**Work task:** For this task, output exactly the lines of the material below starting at the line with "Hanes Essentials Női" and ending at the line with "岩手町 銀河のしずく 10kg（5kg×2袋）"; pictures are to be excluded.

**Data excerpts:**

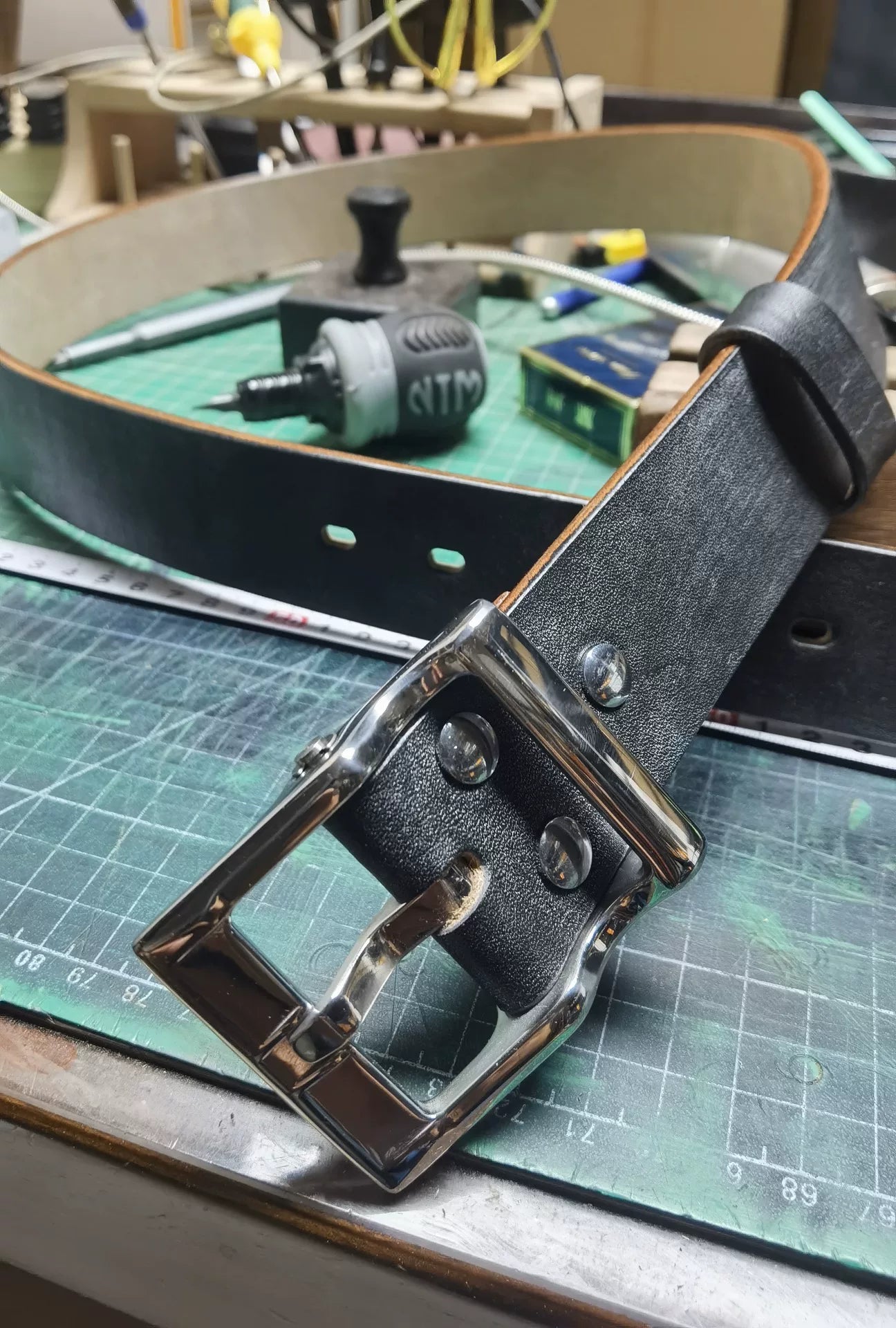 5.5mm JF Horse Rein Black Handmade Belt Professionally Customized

...

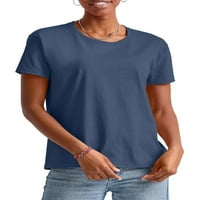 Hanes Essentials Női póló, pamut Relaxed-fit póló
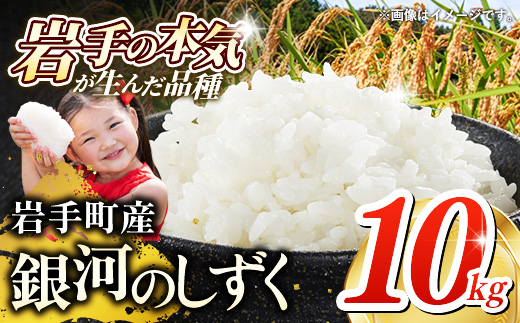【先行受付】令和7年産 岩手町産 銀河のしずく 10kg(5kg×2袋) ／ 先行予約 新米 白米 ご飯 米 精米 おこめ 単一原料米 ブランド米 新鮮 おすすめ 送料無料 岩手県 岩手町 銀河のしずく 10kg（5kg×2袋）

**Answer to the exercise:**
 Hanes Essentials Női póló, pamut Relaxed-fit póló
【先行受付】令和7年産 岩手町産 銀河のしずく 10kg(5kg×2袋) ／ 先行予約 新米 白米 ご飯 米 精米 おこめ 単一原料米 ブランド米 新鮮 おすすめ 送料無料 岩手県 岩手町 銀河のしずく 10kg（5kg×2袋）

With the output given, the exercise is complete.